Bu dönemin önemli simalarından biri olan Vedat Ali Dalokay 1949 yılında memleketi Elazığ'da doğdu. 1973 yerel seçimlerinde Cumhuriyet Halk Partisinden (CHP) Ankara Belediye Başkanı seçildi. Oyların yüzde 62’sini alarak göreve gelen Dalokay, başkentte birçok kalıcı projeye imza attı. Ulaşımı kavşaklarla düzenlemesi nedeniyle halk arasında “Göbekçi Dalokay” olarak anıldı. Görev süresi boyunca Sıhhiye'deki Hitit Güneşi Anıtı, Lozan Meydanı, Altınpark, Kuğulu, Abdi İpekçi ve Seğmenler Parkı gibi yapılar Ankara'ya kazandırıldı. Ayrıca Batıkent ve Uydukent projelerinin temelleri de onun döneminde atıldı.

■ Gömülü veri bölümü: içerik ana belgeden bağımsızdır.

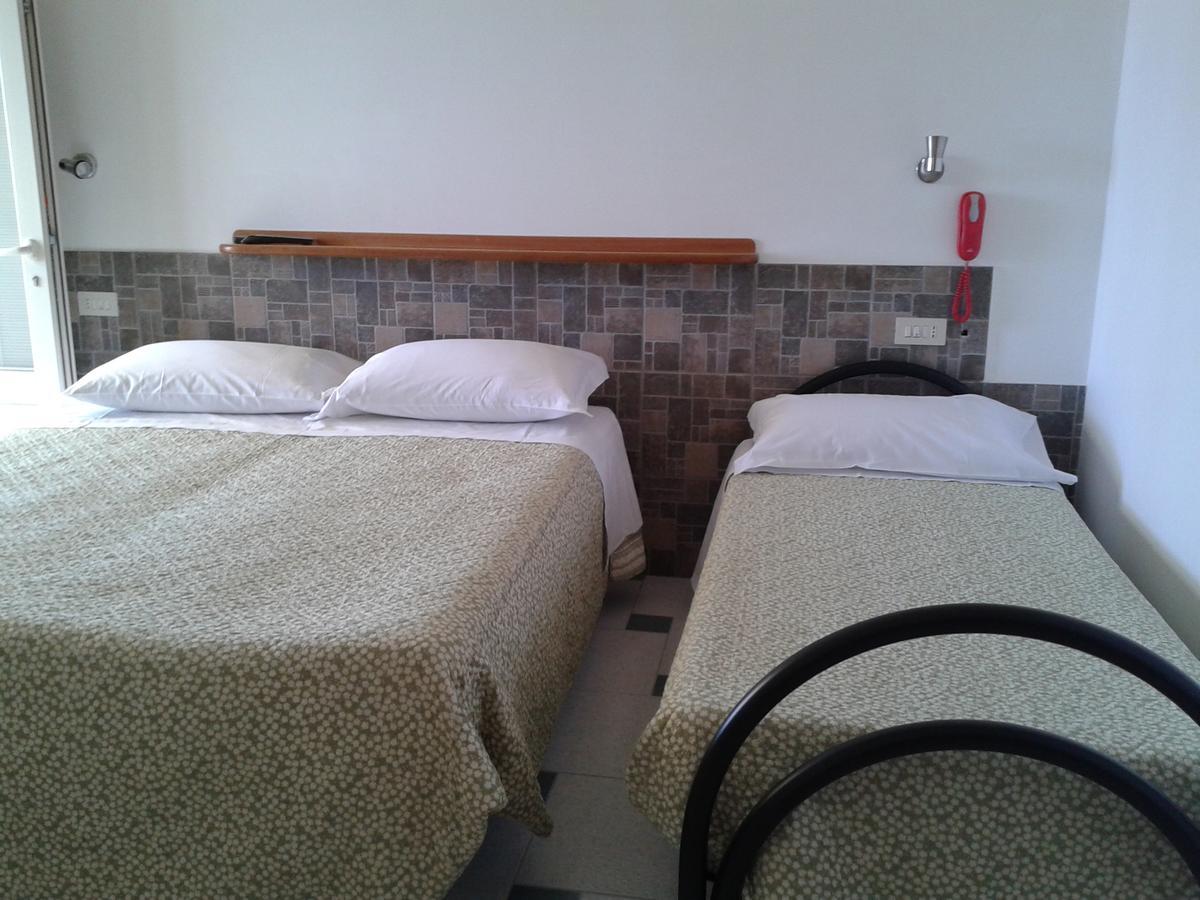 לוקורוטונדו Bed & Breakfast La Collinetta מראה חיצוני תמונה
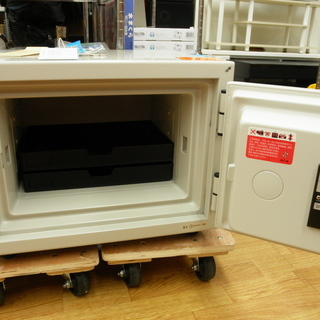 オカムラ 耐火金庫 62kg カギ 説明書 2時間耐火 警報機付き 札幌 豊平区 西岡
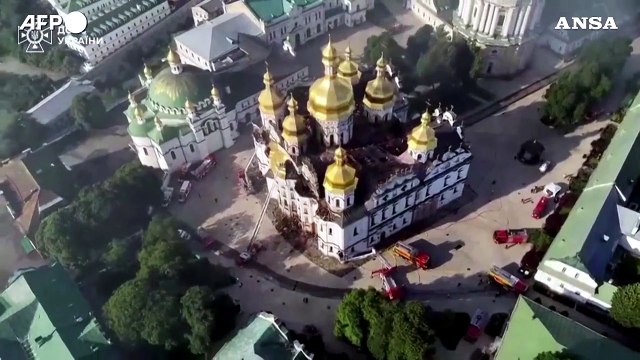 Kiev, le immagini aeree della cattedrale patrimonio Unesco dopo l'attacco russo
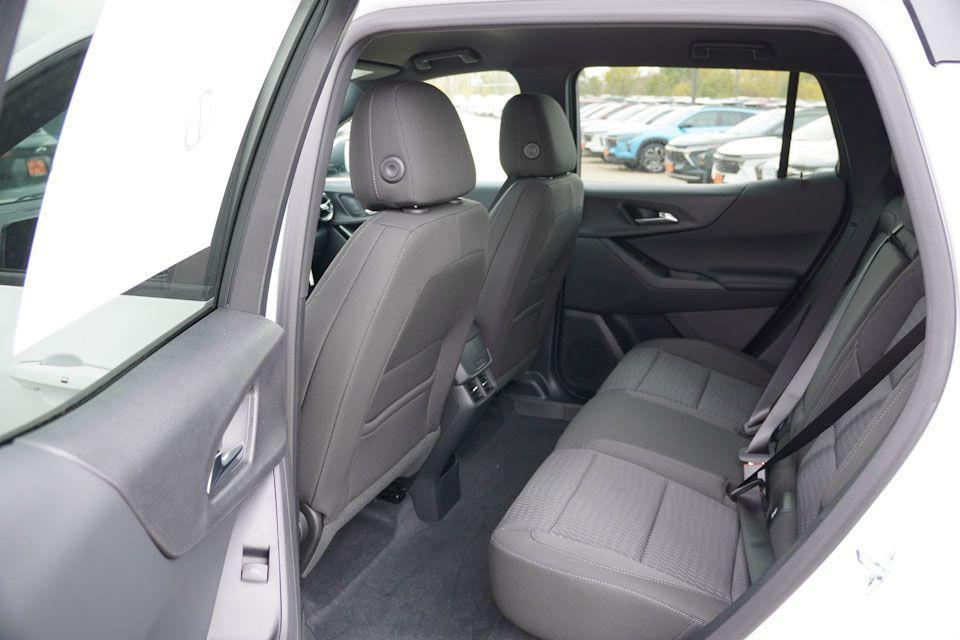 new 2026 Chevrolet Equinox car, priced at $29,840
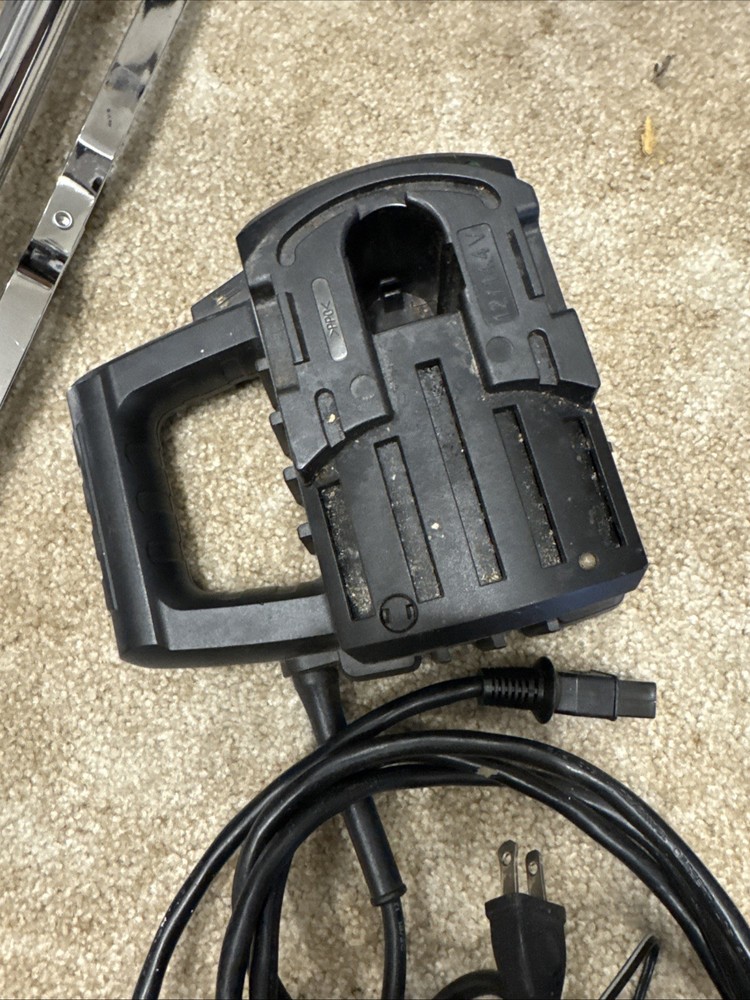 Skil 12 Volt Air Gun And Flashlight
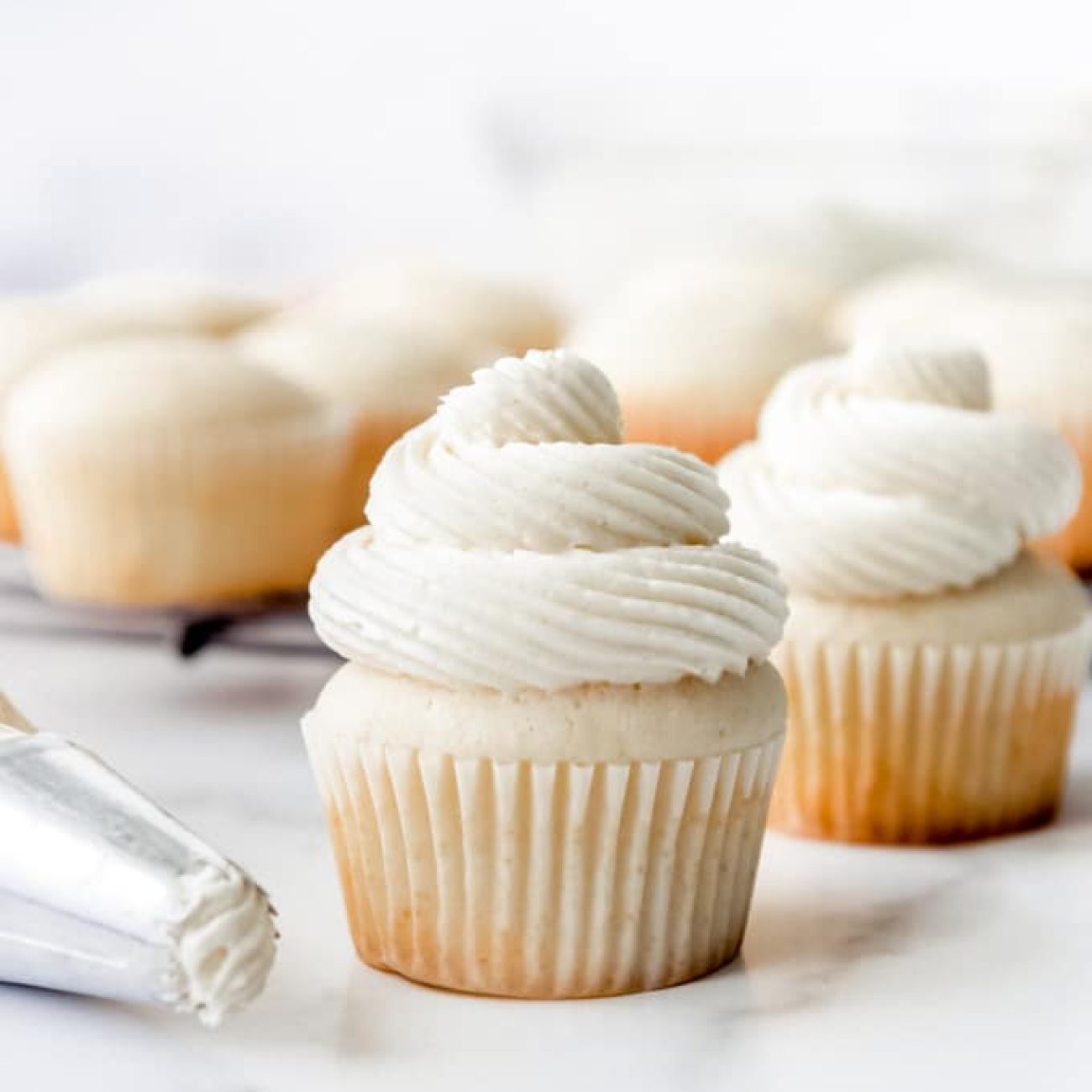 Classic Vanilla Buttercream Frosting: Perfect for Cakes and Cupcakes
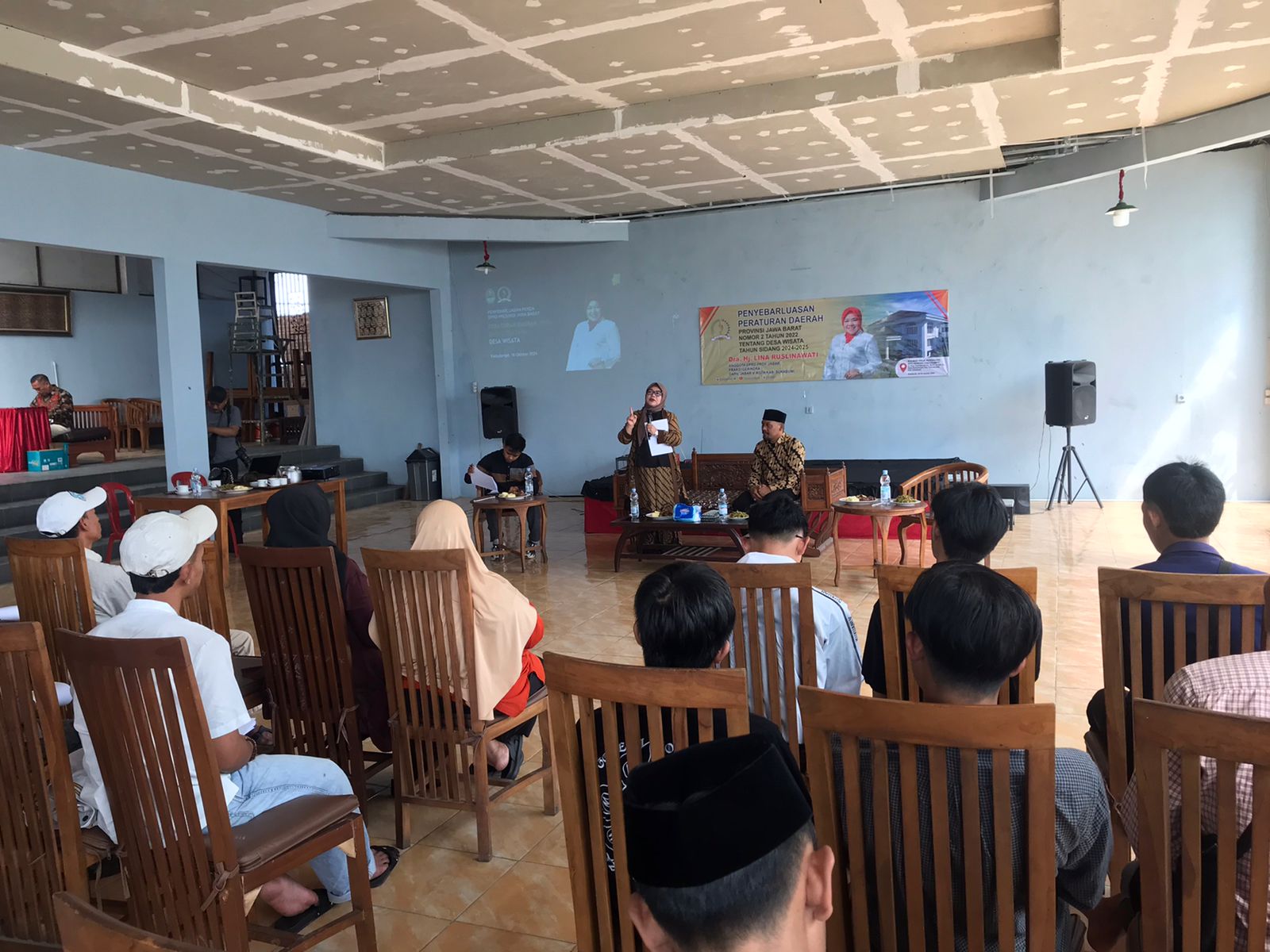 Anggota DPRD Jawa barat Lina Ruslinawati kembali melakukan sosialisasi Perda Nomor 2 Tahun 2022 tentang desa wisata. Kali ini dilakukan di Rumah makan Rengganis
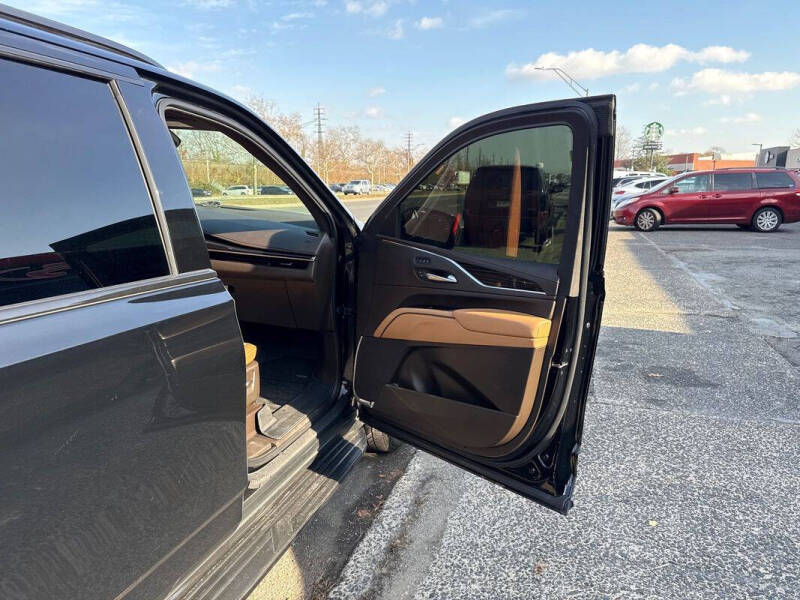 2023 Cadillac Escalade ESV Premium Luxury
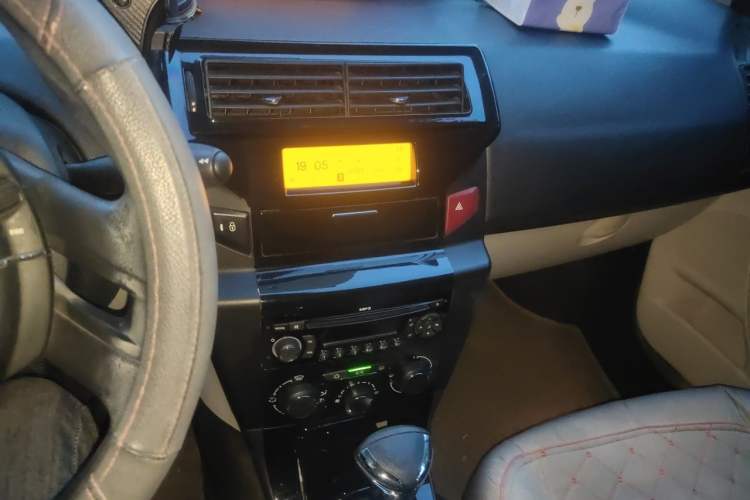 Used Citroen C-Quatre 2013 Hatchback 1.6L Automatic LeShang Model Audio And AC Panel
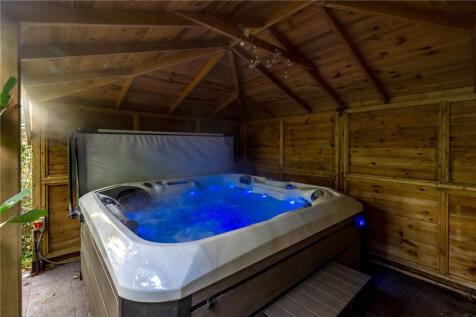 Hot Tub/Gazebo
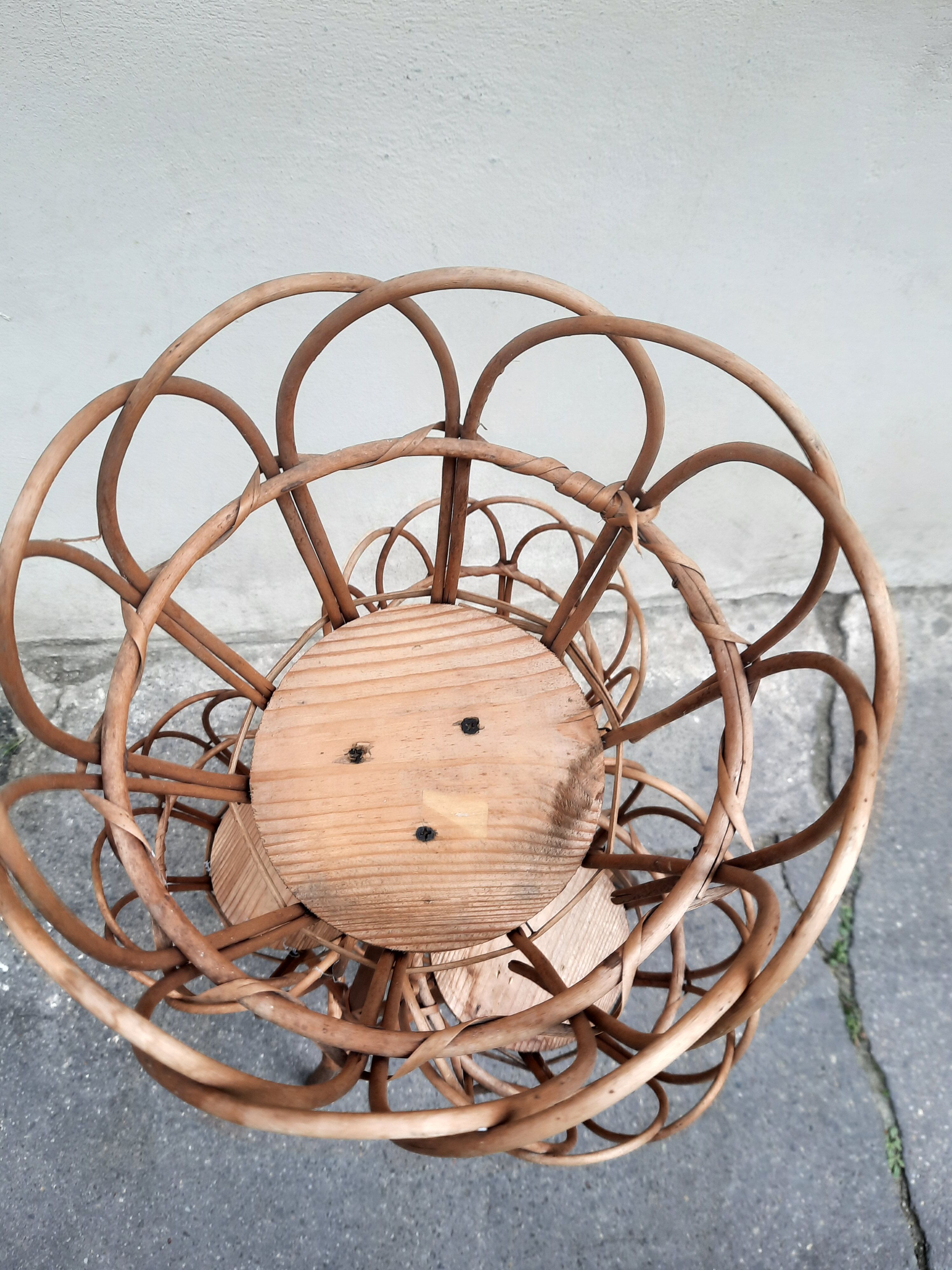 Rattan plant holder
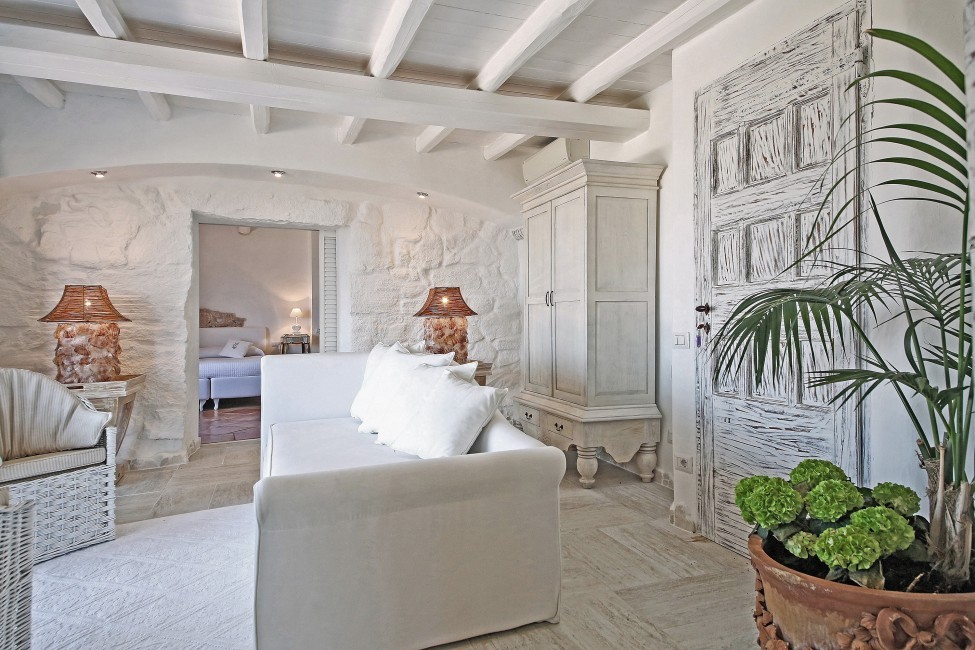 Italy:Sardinia:PortoCervo:VillaAnnette_VillaAnita:livingroom472.jpg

Kocatepe Camiinin inşası için açılan mimari yarışmada birincilik ödülünü Vedat Dalokay’ın çağdaş çizgiler taşıyan projesi kazandı. Proje doğrultusunda temeller atıldıysa da, tasarımın "fazla modern" bulunduğu gerekçesiyle uygulamadan vazgeçildi. Bunun yerine, 1967 yılında Hüsrev Tayla ve Fatin Uluengin’in klasik Osmanlı mimarisini esas alan tasarımıyla yeniden temel atıldı. Ancak bu proje de, Mimar Sinan'ın üslubunu birebir taklit ettiği yönünde eleştirilere hedef oldu. Dalokay’ın yarışma için hazırladığı modern cami projesi ise tamamen rafa kaldırılmadı; revize edilerek Pakistan’ın başkenti İslamabad’da, bugün Faysal Camii olarak bilinen ikonik yapıya dönüştü.
Vedat Dalokay, 1973 yılında gerçekleştirilen yerel seçimlerde Cumhuriyet Halk Partisinin adayı olarak büyük bir başarı elde etti ve oyların yüzde 62’sini alarak Ankara Belediye Başkanlığı görevine seçildi.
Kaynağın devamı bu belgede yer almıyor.